È un'altra delle ricorrenze legate a questo giorno a darci la misura della necessità del nostro cambiamento. Oggi celebriamo la Giornata mondiale della pace. Paolo VI non poteva scegliere giorno più felice per indicare nella pace l'auspicio fondamentale, iniziale, della nostra convivenza. Purtroppo, la pace non ha abitato il tempo trascorso né domina su quello presente. Quanto al futuro, non abbiamo altro che domande senza risposta. Di fronte alla situazione mondiale, ci accomuna un terribile senso di impotenza. La solennità che celebriamo illumina il senso religioso del nostro vivere e anche il suo senso civile.
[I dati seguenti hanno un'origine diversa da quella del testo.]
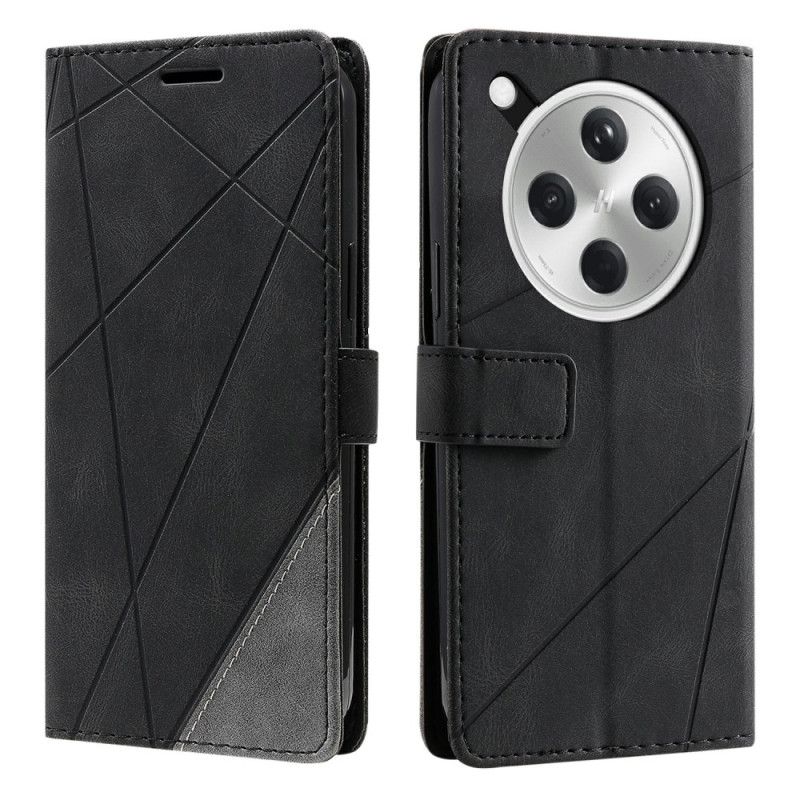 Kožený Kryt Na Oppo Find X8 Dvoubarevný Pruh Vzor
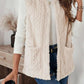 Fuzzy Open Front Vest with Pockets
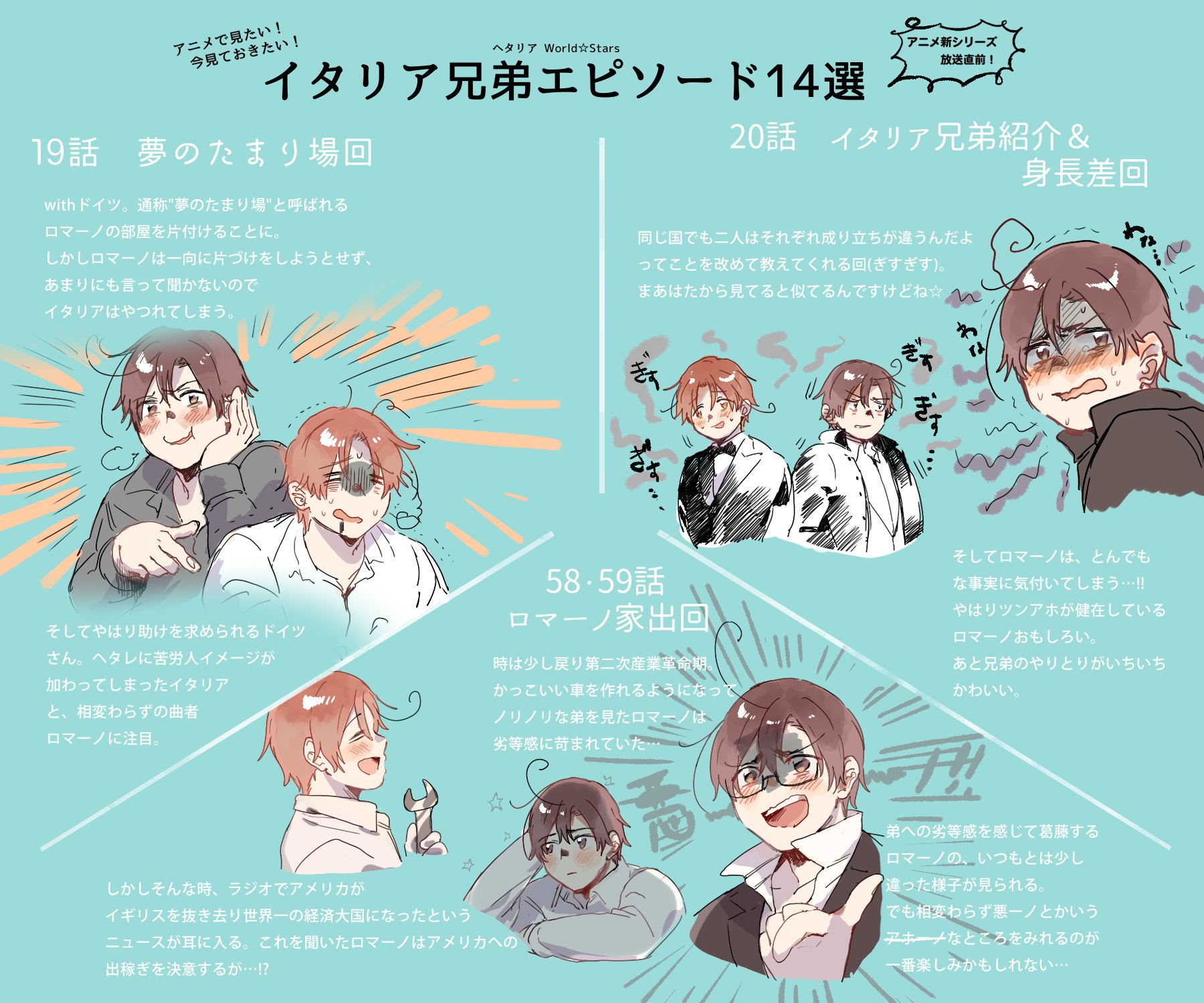 Twitter 上的 ちーの もうすぐヘタリアのアニメが始まりますね なんと新シリーズでは今までの倍以上の伊兄弟エピソードが存在するのですよ そこでアニメが始まる前にぜひ見てほしい伊兄弟のエピソードをまとめました ぜひジャンプラでチェックを お願いします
Tuttavia l'uomo del nostro tempo vuole di più. Se il nostro vivere sociale non è sostenuto da valori religiosi e civili, il presente non potrà cedere il passo a un futuro sereno. Vorremmo altri protagonisti sulla scena mondiale, ispirati a logiche differenti. Anche per la causa della pace serve un Nome nuovo, un nome all'insegna del quale sperare. Abbiamo bisogno di poter sperare nel Dio che salva, in Colui che ha aperto la storia e la chiuderà come Alfa e Omega, in Colui che tutta la liturgia natalizia invoca come "Signore Nostra Pace".

Celebriamo dunque questa solennità nel Nome di Cristo. Preghiamo perché quest'anno sia celebrato sotto ogni profilo e in ogni dimensione nel Nome del Salvatore. Non nel nostro nome, neppure nel nome dei nostri interessi ed egoismi Dio può salvare. Dio salva perché Egli ha eternamente cura di noi. Quest'anno ci chiede la sollecitudine dei pastori nel pronunciare il Nome e la docilità della Vergine nell'accoglierlo come Parola decisiva per la nostra vita.